Comparing Cohort Performance: You can compare the behavior of different cohorts by selecting a cohort from the breakdown menu. For example, you can use this to see how engagement compares for Power Users vs All Users.
Best Practices for Cohort Management
Sharing and Organization: Cohorts that you create are, by default, only visible to you. You can optionally share cohorts with specific other people or with your organization. This makes Cohorts that you create discoverable by others.
Documentation: We recommend sharing a set of key cohorts with your organization, to ensure that you align on key definitions of user behavior that are important for your business (eg: New Users, Power Users). We also recommend adding descriptions to such cohorts, to share context with your team.
Exporting and Integration: You can download the list of users in any Cohort as a CSV via the Cohort Builder. You can also push cohorts to 3rd-party destinations like Segment, Braze, or a Custom Webhook.

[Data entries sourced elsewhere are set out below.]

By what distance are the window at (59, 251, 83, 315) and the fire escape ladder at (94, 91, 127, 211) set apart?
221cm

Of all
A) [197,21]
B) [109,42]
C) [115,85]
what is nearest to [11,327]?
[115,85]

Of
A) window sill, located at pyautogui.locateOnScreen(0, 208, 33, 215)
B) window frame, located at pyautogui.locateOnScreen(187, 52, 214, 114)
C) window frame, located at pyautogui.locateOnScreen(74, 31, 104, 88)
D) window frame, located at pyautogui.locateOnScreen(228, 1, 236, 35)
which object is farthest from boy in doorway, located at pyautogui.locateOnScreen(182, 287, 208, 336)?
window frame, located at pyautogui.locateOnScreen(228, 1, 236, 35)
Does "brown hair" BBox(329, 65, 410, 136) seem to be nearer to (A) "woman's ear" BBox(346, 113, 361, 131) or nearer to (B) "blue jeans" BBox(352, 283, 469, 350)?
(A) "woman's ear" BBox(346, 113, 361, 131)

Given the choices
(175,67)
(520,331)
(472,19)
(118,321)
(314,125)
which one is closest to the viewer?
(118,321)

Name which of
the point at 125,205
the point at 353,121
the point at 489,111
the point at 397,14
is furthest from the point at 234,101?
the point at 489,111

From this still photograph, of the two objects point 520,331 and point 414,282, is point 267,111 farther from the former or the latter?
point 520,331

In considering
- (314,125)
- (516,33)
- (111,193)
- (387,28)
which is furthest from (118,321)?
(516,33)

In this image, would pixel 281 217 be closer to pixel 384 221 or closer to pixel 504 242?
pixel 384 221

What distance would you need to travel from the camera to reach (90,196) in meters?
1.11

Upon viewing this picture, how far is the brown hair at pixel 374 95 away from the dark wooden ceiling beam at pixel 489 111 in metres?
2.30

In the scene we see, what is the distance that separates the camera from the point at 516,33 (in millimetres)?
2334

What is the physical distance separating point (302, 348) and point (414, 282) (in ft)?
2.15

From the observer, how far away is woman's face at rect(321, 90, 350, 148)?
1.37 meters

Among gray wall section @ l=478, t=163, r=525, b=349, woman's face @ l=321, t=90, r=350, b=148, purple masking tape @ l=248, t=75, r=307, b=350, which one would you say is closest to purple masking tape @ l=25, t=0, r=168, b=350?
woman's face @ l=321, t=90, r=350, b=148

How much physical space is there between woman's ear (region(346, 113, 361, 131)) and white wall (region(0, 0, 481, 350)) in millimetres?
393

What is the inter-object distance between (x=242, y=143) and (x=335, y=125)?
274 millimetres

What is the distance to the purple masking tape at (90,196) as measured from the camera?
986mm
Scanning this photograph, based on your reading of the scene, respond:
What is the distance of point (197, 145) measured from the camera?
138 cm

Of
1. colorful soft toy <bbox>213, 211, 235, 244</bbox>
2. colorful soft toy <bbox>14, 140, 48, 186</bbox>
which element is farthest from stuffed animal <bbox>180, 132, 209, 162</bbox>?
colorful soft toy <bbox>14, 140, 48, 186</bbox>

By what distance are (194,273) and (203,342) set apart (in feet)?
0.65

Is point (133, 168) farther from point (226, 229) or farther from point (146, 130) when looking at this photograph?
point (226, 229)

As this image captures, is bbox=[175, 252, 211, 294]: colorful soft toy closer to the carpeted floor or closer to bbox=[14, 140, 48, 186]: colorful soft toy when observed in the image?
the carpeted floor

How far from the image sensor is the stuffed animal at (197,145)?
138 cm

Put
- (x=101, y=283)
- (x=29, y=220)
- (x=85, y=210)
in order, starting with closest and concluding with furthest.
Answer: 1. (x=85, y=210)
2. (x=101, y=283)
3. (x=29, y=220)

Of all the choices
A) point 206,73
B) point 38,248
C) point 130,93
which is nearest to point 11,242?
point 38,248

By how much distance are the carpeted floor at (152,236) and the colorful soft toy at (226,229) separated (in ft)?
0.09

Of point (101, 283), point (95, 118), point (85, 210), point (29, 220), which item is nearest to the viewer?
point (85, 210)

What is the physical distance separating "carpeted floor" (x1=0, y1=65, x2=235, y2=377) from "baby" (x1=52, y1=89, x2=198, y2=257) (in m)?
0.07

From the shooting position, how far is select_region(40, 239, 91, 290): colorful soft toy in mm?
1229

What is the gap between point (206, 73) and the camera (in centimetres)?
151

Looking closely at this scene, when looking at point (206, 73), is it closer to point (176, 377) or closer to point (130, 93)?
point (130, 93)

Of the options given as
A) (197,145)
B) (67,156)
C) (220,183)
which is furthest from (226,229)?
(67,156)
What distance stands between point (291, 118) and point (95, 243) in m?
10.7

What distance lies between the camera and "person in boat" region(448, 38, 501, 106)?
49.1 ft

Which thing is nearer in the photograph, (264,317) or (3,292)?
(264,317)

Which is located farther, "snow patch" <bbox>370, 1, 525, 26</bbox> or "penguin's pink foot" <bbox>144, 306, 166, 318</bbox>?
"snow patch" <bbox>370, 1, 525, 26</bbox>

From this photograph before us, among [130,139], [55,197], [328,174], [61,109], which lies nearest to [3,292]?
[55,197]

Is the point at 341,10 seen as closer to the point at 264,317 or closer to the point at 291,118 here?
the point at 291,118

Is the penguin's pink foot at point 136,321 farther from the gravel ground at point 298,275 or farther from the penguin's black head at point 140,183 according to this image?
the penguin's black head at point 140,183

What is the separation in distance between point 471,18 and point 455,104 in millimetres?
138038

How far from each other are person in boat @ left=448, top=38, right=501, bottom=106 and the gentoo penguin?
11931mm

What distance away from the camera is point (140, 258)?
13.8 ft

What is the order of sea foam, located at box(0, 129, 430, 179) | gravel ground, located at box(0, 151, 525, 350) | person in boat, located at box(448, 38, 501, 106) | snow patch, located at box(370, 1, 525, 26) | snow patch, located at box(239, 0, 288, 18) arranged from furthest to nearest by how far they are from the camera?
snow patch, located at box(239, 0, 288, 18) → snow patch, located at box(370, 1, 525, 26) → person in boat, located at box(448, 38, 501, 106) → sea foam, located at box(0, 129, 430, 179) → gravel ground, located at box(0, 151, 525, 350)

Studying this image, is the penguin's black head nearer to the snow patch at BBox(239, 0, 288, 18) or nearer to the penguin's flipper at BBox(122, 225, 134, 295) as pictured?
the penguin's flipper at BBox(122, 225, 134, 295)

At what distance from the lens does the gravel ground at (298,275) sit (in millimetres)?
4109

Troubleshooting Common Issues
Identity Matching Problems: If your CSV upload creates new accounts instead of matching existing users, ensure your distinct_id values exactly match those used in your events. The value needs to match the distinct_id property's value (or the value for the Group Key's Group ID) that you're sending on your events.
Using Alternative Identifiers: In Mixpanel's Simplified ID Merge system, the $user_id property is used to identify authenticated users, while $device_id is used for anonymous users. When both properties are present on an event, Mixpanel automatically merges the identities.
Conclusion
Mixpanel cohorts are essential for understanding user behavior patterns and making data-driven product decisions. Whether you're analyzing user retention, comparing feature adoption across different user groups, or identifying high-value customer segments, cohorts provide the precision and flexibility needed for meaningful analysis.
By mastering the three creation methods – report visualizations, cohort builder, and CSV upload – you can efficiently organize your users into actionable groups. Remember to leverage cohort sharing and documentation features to ensure your entire team benefits from these valuable user insights.
Start with simple behavioral cohorts like "active users" or "new signups," then gradually build more sophisticated combinations as you become comfortable with the platform. The key is to align your cohort definitions with your business objectives and use them consistently across your analysis workflows.